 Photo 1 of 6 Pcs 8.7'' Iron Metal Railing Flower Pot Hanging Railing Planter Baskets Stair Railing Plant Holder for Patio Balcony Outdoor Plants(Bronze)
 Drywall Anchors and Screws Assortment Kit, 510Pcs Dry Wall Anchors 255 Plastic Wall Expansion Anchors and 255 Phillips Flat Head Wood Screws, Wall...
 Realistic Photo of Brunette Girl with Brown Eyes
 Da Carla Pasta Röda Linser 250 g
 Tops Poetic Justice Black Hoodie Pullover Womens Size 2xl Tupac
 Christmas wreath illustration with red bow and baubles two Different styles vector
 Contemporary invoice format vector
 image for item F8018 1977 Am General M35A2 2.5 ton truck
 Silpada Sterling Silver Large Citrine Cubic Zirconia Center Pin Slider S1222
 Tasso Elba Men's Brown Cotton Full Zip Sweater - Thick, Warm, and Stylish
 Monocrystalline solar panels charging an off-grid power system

# Exercise goal
Please write out the entries exactly, keeping every line intact.

# Task result
 Photo 1 of 6 Pcs 8.7'' Iron Metal Railing Flower Pot Hanging Railing Planter Baskets Stair Railing Plant Holder for Patio Balcony Outdoor Plants(Bronze)
 Drywall Anchors and Screws Assortment Kit, 510Pcs Dry Wall Anchors 255 Plastic Wall Expansion Anchors and 255 Phillips Flat Head Wood Screws, Wall...
 Realistic Photo of Brunette Girl with Brown Eyes
 Da Carla Pasta Röda Linser 250 g
 Tops Poetic Justice Black Hoodie Pullover Womens Size 2xl Tupac
 Christmas wreath illustration with red bow and baubles two Different styles vector
 Contemporary invoice format vector
 image for item F8018 1977 Am General M35A2 2.5 ton truck
 Silpada Sterling Silver Large Citrine Cubic Zirconia Center Pin Slider S1222
 Tasso Elba Men's Brown Cotton Full Zip Sweater - Thick, Warm, and Stylish
 Monocrystalline solar panels charging an off-grid power system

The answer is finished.